全日本選手権では毎年、この大会を現役最後の舞台に選ぶ選手たちがいるが、「今回が最後の全日本」という裏方さんもいる。日本卓球協会の広報委員会の山下哲委員長だ。
山下はもともと池田銀行(現・池田泉州銀行)に勤めていた。卓球人ではないが、1996年アトランタ五輪代表に同銀行の小山ちれ選手が決まってから、銀行の広報の仕事をするようになった。そして、2001年の世界選手権大阪大会では広報副委員長を務めた。
「メディア対応として実質的に初めての仕事ですね。20年前のことですね。その後、日本リーグの広報をやったり、日本卓球協会では中井邦昭さんの下で、広報委員会の副委員長をやってきました。その後、中井さんから引き継ぐ形で広報委員長を12年間務めました。
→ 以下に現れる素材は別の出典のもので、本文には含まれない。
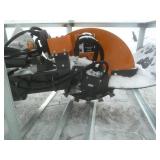 Wolverine Stump Grinder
2007年に池田銀行の卓球部はなくなり、私は卓球人ではないのですが、恩返しをしたいと思い、日本卓球協会の広報委員会での仕事を続けていました」(山下)。
「副委員長になった当時は、メディアが扱ってくれる卓球の記事も小さかった」と語る山下だが、その後、2012年のロンドン五輪、2014年の世界選手権東京大会を経て、卓球は人気スポーツになっていく。「選手も頑張ってくれて、卓球の人気を高めてくれたことはうれしいですね」と誇らしい表情を見せた。
山下は全日本では朝一番に会場に入り、最後の試合が終わるまで会場にいる。「メディアを通して、一般の人たちに卓球をもっと知ってほしいですね」卓球界を支えてきた裏方さんは71歳になり、今年の3月で任期を終える。